The FEMBA International Field Study has the following objectives and benefits for participating UCLA Anderson students:
To integrate, apply and extend the FEMBA curriculum in the context of a hands-on, top-level business consulting experience.
To learn the complexities and subtleties of doing business internationally.
To develop business research skills that will be helpful to supporting business decision-making.
To utilize team processes and efforts to accomplish a large, complex and challenging business problem.
To utilize state-of-the-art web-based communications and project management tools.

The benefits for participating companies include:
Speeding up the development of their market entry strategies for North America.
Establishing business relationships with the U.S. students and their industry contacts.
Working alongside a New Zealand Advisory Board representing specialist industry advisors.

FEMBA student Takiff considers the field study a culmination of his educational experience at UCLA Anderson. It has provided him a chance to integrate all that he has learned through coursework and interactions with faculty advisors into meaningful analysis for the New Zealand clients.
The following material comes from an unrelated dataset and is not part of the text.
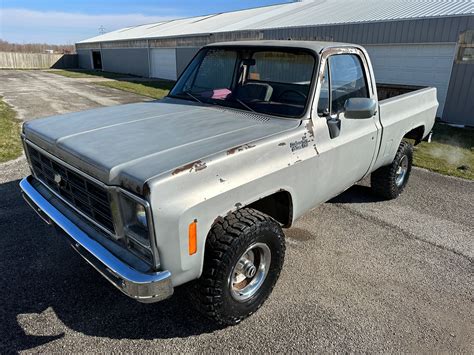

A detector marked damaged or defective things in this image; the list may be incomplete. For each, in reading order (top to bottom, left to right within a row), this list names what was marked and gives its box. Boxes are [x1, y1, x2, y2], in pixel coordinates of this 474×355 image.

rust spot on fender [171, 161, 206, 177]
"Some of the most interesting and valuable learning experience involved the 'general' knowledge I gained about strategies to attack complex projects using the full resources of a group's capabilities," Takiff said.
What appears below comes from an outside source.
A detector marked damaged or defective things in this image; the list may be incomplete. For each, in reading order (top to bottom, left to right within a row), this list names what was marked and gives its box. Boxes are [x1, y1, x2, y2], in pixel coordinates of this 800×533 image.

The client companies of Trade New Zealand range from privately-held startup firms to large entities such as Weta Studios, a major powerhouse in New Zealand that produced an abundance of the visuals for all three "Lord of the Rings" films.

About Trade New Zealand

As a government agency, Trade New Zealand provides leadership and support to enable New Zealand to be a real force in the global economy. Trade New Zealand facilitates trade, international investments and exchange of knowledge into New Zealand and out into the world.

About UCLA Anderson

UCLA Anderson is perennially ranked among the top-tier business schools in the world. Award winning faculty renowned for their research and teaching, highly selective students, successful alumni and world-class facilities combine to provide an extraordinary learning opportunity. Established in 1935, UCLA Anderson provides management education to more than 1,300 students enrolled in full-time, part-time and executive MBA programs and academic master's and Ph.D. programs.

The school's faculty includes outstanding educators and researchers who share their scholarship and expertise in such fundamental areas as finance, marketing, accounting, business economics, decisions, operations and technology management, human resources and organizational behavior, information systems, strategy and policy.

Recognizing that the school offers unparalleled expertise in management education, the world's business community turns to UCLA Anderson as a center of influence for the ideas, innovations, strategies and talent that will shape the future.